I'm fairly technically-adept, and can even do some basic programming
(though not so much javascript), but every time I have in mind writing
a translator, I give up; not enough time for me to bother to learn how
to write it. I can't believe I'm alone.
Question: is there a way to make writing translators easier such that
users don't have to write code? Or where code writing could at least
be significantly limited?
I'm thinking of maybe a simple JSON-based configuration where you're
just itemizing the key components (title, url pattern, variable
mapping).
Bruce
1) Translators use JavaScript, not Java (though the two use a similar
syntax).
2) http://www.zotero.org/support/dev/creating_translators_for_sites
3) You can look at existing translators here:
https://www.zotero.org/svn/extension/trunk/translators/
As I said originally, I don't think this is helpful at all. The
barrier to entry is too high. Is there really not a way to (greatly)
simplify this?
Bruce
...
>> As I said originally, I don't think this is helpful at all. The
>> barrier to entry is too high. Is there really not a way to (greatly)
>> simplify this?
>
> This is a very tall order. But a starting point might be a tool to do
> triage on a page. A lot of time can be consumed just figuring out
> where the data in a page is coming from, so that you can lay some kind
> of plan for digging it out. If you could do something like 'wgroke --
> tellabout="John H. Smith" --ris http://www.thatsite.com/', and get
> back a report telling what URL and XPath will access the name "John H.

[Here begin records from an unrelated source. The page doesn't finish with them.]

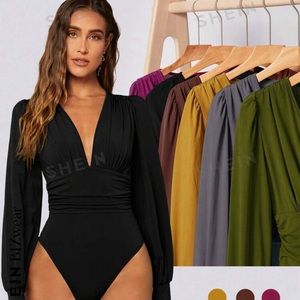 Long sleeve bodysuit from SHEIN. Never worn. Size L.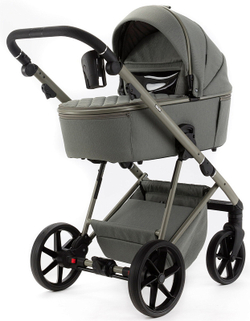 Детская коляска Adamex Delta Natura 2 в 1 DN-7-SALVIA (ШАЛФЕЙ)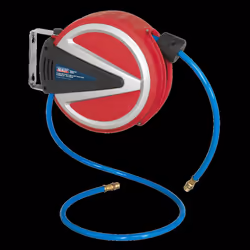 Retractable Air Hose Reel 6.5m Ø6.5mm ID - PU Hose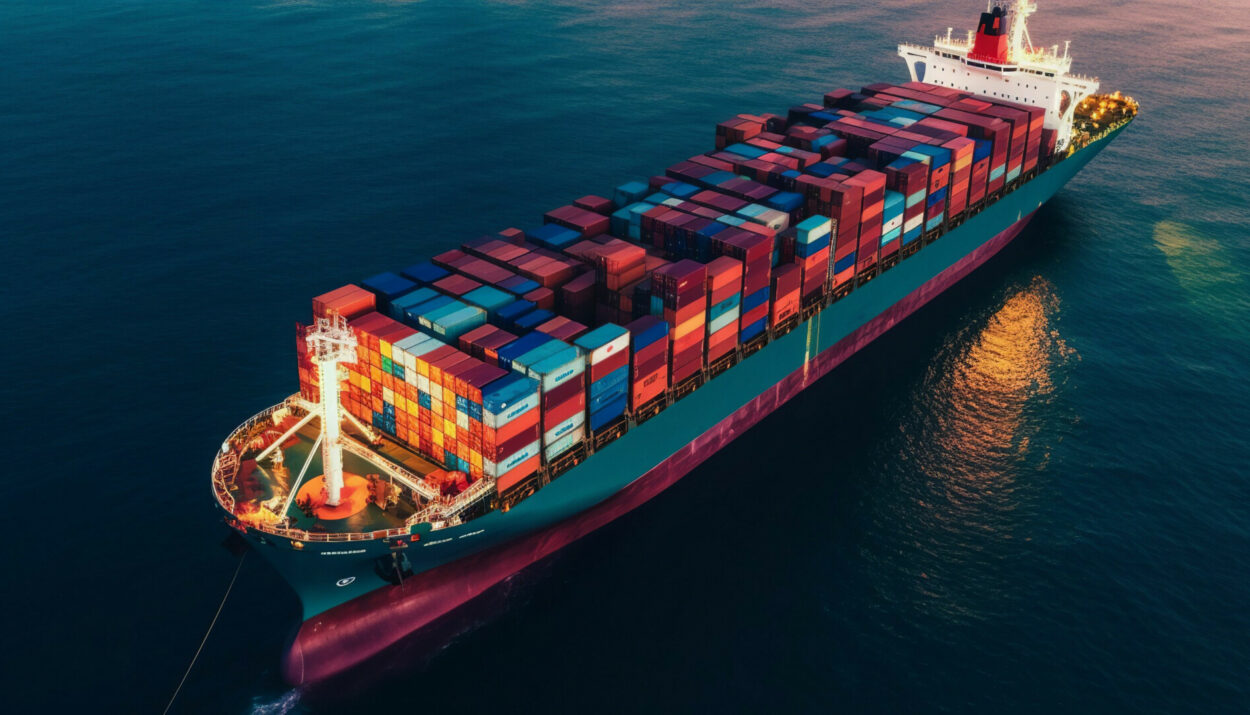 Δεξαμενόπλοιο με container © 123rf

> Smith" that you see on the screen at that address, and what URLs
> _might_ yield RIS data, that would cut out a lot of the early
> uncertainty that dissuades people from the first attempt.
That's one issue, but for me, that's actually a trivial problem. I can
go really far, really quickly, with just view source, or Firebug.
The bigger issue is the amount of redundant code that gets written for
every translator. I don't have the time nor the JS skills to figure
this out.
What I have in mind is either some standard functions that allow me to
do stuff like:
mapData('title', doc.head.title)
... or even, potentially, to have the mappings defined in simple JSON
maps/dictionaries. In either case, I'm imagining much shorter,
simpler, translator files.
Bruce
I tend to agree. There is a tutorial here: http://www.zotero.org/support/dev/scaffold_tutorial
which could do with a little more love (especially attaching a pdf
and/or, an attachment of a web page, and adding from a list of
multiple items, also finding and obtaining data from proper structured
data sources - RIS etc. )
It would be nice to have a translator "Wizard". I suppose the first
step to developing that would be for an expert in creating translators
to take some existing translators and turn them into pseudocode, to
expose the repetitive bits of the translator code and abstract them
away.
...
> I hope that I have just had a bad run of luck, but it does kind of
> invite the question of how much bang one could get for one's
> automation buck. Maybe a good starting point would be to collect a
> good batch of links to sites "in the wild" that you feel should be
> easy to translate, as a pool of test data.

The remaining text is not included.